7.Bölüm "Beşi Bir Yerde"
8.Bölüm "Küçük Gerizekalı!"
9.Bölüm "Cennet"
10.Bölüm "Peri Tozu"
11.Bölüm "Hissetmem Lazım"
12.Bölüm "İz"
13.Bölüm "Duş"
14.Bölüm "Seok Kyung Mi"
15.Bölüm "Buz"
16.Bölüm "Çöküş ve Yükseliş"
17.Bölüm "Aman Tanrım"
19.Bölüm "Luhan, benimle-"
20.Bölüm "Baba!"
21.Bölüm "Doğum Günü"
22.Bölüm - Final

18.Bölüm "Durun!"

4.3K 321 94
Por NimirRa

Multimedyadaki videoyu bölüm bitiminde kesinlikle izlemelisiniiz!

**

Sehun'u eve çağırmak için ölüyor olsam da Rory ve John şu anın doğru olmadığını söylediler. Onu sevdiğimi söylemek için büyülü bir ortam gerekmesi gerektiği konusunda onlarla hem fikirdim.

Böylece o akşamı dedelerimle özlem gidererek geçirdim. İş konusunda fikirlerini aldım, Sehun ve Woo Bin konusunda ne yapmam gerektiğini sordum. Yatağa gittiğimde saat 2'ye geliyordu. Hala Sehun'un kokusunun olduğu tarafa kıvrılıp uyudum.

Rory ve John'u uyandırmamak için sessizce giyindim ve parmak ucumda odadan çıktım.

"Günaydın Lulu." Olduğum yerde sıçrayıp sese döndüm. John ve Rory çoktan giyinmiş gazete okuyorlardı.

"Günaydın, neden kalktınız?" diye sordum.

"Seninle okula geliyoruz."

"Ne?"

"Bunu kahvaltıda konuşalım." diyerek bizi mutfağa yönlendirdi Rory. Kurulmuş masaya oturunca önüme dağ kadar pankek konuldu.
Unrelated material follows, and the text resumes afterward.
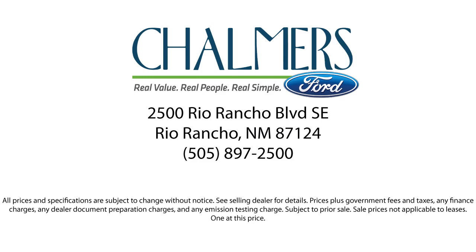So come in today and schedule a test drive. We are located at 2500 Rio Rancho Boulevard.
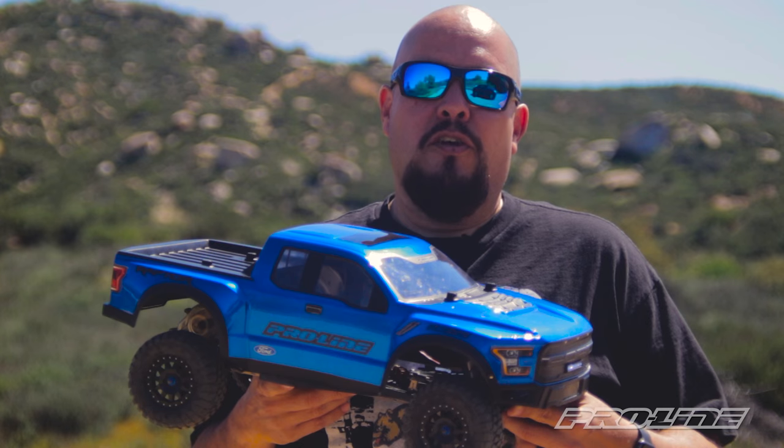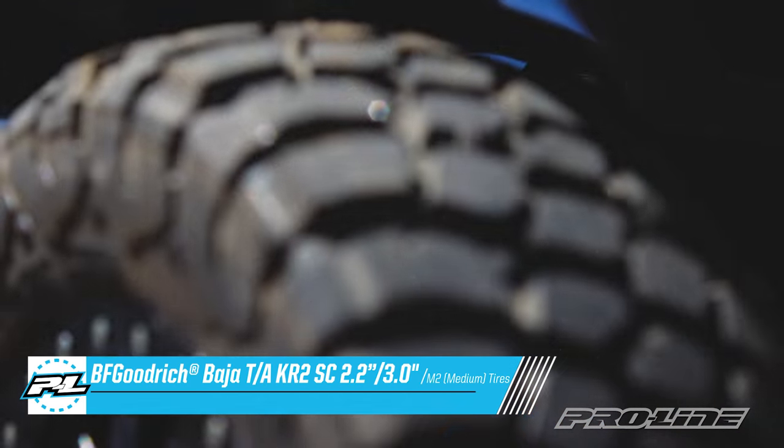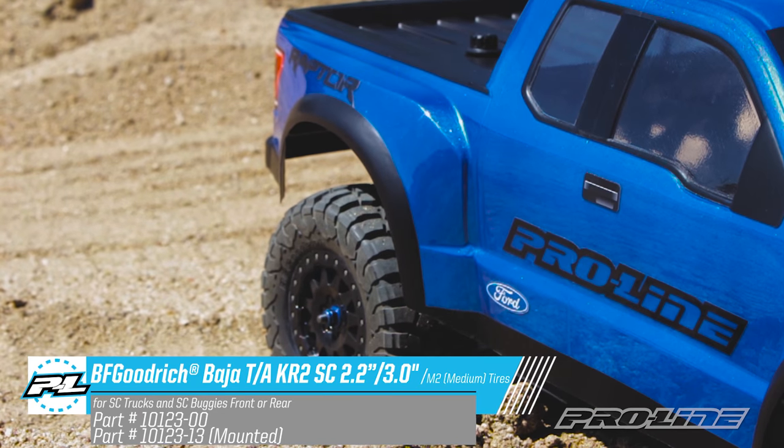Well now Proline is pleased to announce the release of the BFG KR2 tire for your short course truck. The short course tire itself incorporates the same detail as the wall crawling version, and will fit on any 2.2 to 3.0 size short course wheel.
Ne diyeceğimi tamamen unutmuş halde saldırırken John sorumu cevapladı.

"Müdireye iki çift laf etmeye karar verdik." Gözlerim büyüdü. Ağzımdakileri yutmadan konuştum. "Nö lofo ödöcöksönöz?"
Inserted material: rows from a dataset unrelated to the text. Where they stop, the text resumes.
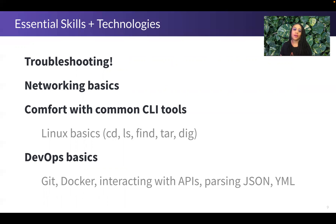Networking basics — for this role, I recommend being familiar with things like DNS, and having a passing familiarity with the TCP/IP model, so you know what someone means if they say a problem is a layer 2 versus a layer 7 problem. Understanding how systems interact from a networking perspective helps you identify where a problem lives. I also recommend being comfortable with common command line interface tools — Linux basics like cd, ls, find, tar, and dig.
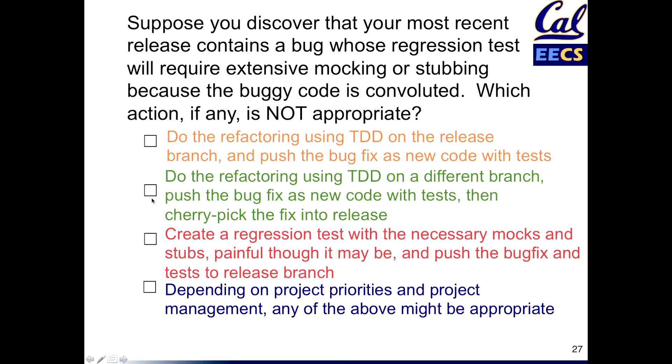On the other hand, if you do this on a separate branch — because what's refactoring? Refactoring is changing the structure of the code, right? You're going to make a mess. That's part of what refactoring is, like getting your room sloppy before you clean it up. So as long as you do all that in a controlled manner on a separate branch, cherry-pick the fix and put that into the release — that's a lot more orderly, less likely to destabilize the code.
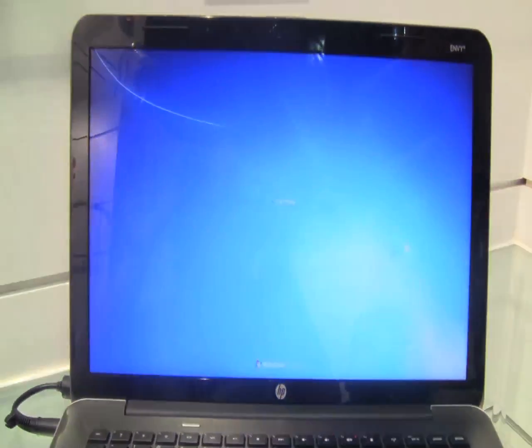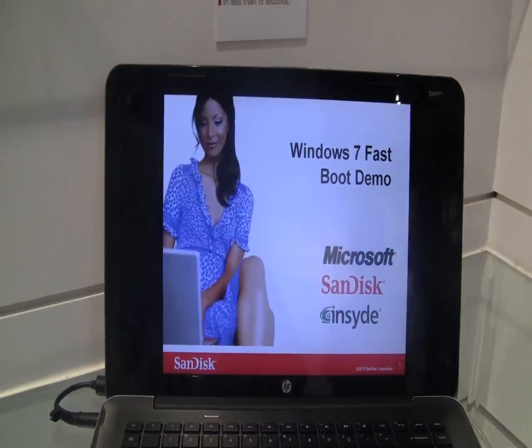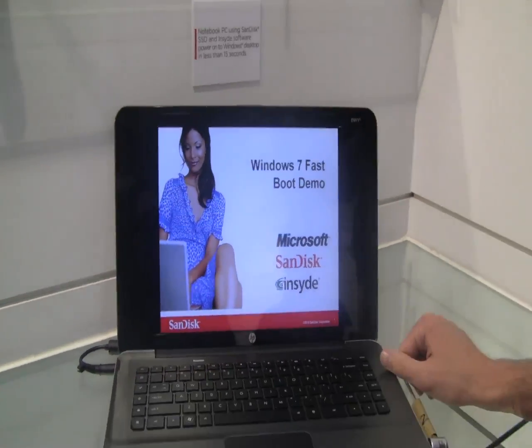Okay. Bam. And it's finished. How about that? That's a 15-second Windows boot time.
"Luhan!" diye uyardı Rory beni. Lokmamı yuttuktan sonra sorumu tekrarladım.

"Sen onu bize bırak. Ayrıca," duraksayıp masaya bir göz attı, aradığını gazetelerin altında buldu. Bir tomar zarftı bu. "Yarın akşam bir davet veriyoruz."

Kibarlıktan tamamen uzak bir "Ha?" sesi çıkardım.
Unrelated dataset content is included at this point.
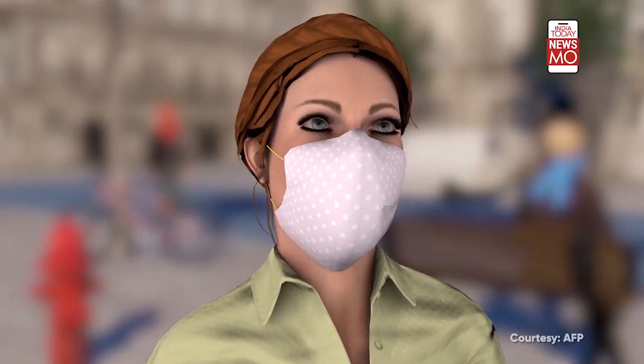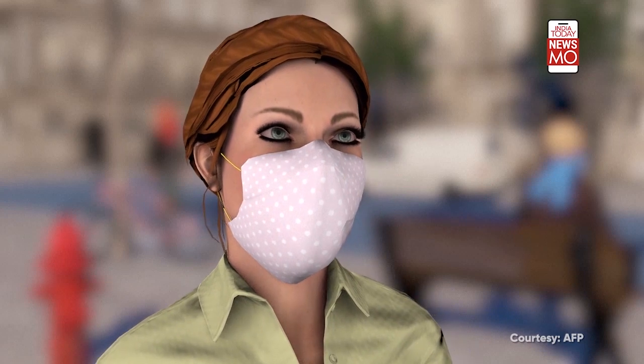To stop saliva droplets, authorities recommend people wear masks in public.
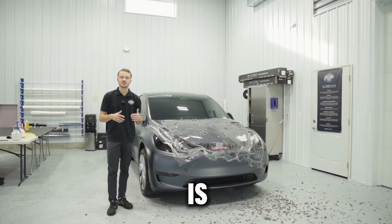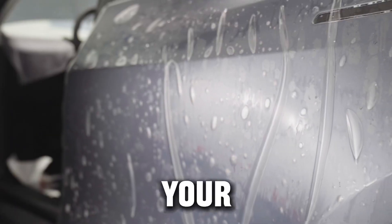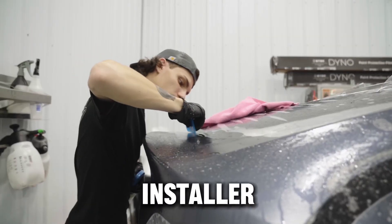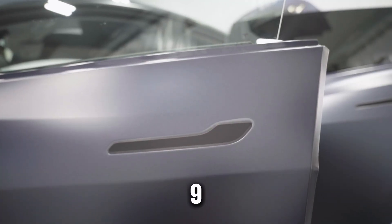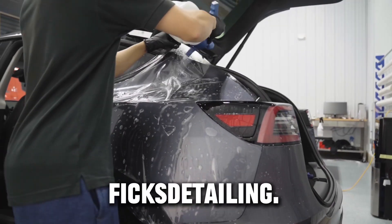This film is going to stop rock chips, crashes, and swirl marks. If you want to get your vehicle protected today with the best products and the best installer in the Tri-City areas, call us today at 217-3229, or you can submit a quote request on our website, FixDetailing.com.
"Okuldan saygın ailelerin çocuklarını davet et."

"Ne daveti?"

"Bir balo. İngiliz tarzı."

"Peki ama neden?"

"İnsanlar eğlenceli mekanlarda ağızlarından bir şey kaçırırlar."

John Rory'yi tamamladı. "Her zaman."

"Bu yüzden bu balo pek çok şeyi çözecek. Hyun Ki'nin iş yaptığı insanlara dedikoduları aktaracağız."

John bir kez daha lafa girdi. "Sen de Sehun'la konuşmak için mükemmel bir atmosfere sahip olacaksın."

Gülümsedim. "Sizi ne kadar çok sevdiğimi daha önce söylemiş miydim?"

"Bu sözleri Sehun'a sakla." dedi Rory tabağıma yemek itelerken.

Kahvaltıdan sonra kapının önünde duran arabaya baktım. Henüz piyasaya bile sürülmemiş bir Mercedes'ti. Bunu nasıl elde etmişlerdi gerçekten merak ediyordum. Sorduğumda sadece gülümsemekle yetindiler. Okula kadar John sürdü.

Arabadan indiğimizde garip bakışlara maruz kalan ben değil, dedemlerdi. Ama onlar bu bakışlara alışkındı. Hep birlikte içeri girdik.

"Sen sınıfına git Lulu."

"Hayatta olmaz ben de geleceğim."

John bana bir bakış fırlattı. "Şey, ders başlayacak." diye mırıldanıp sınıfıma yollandım.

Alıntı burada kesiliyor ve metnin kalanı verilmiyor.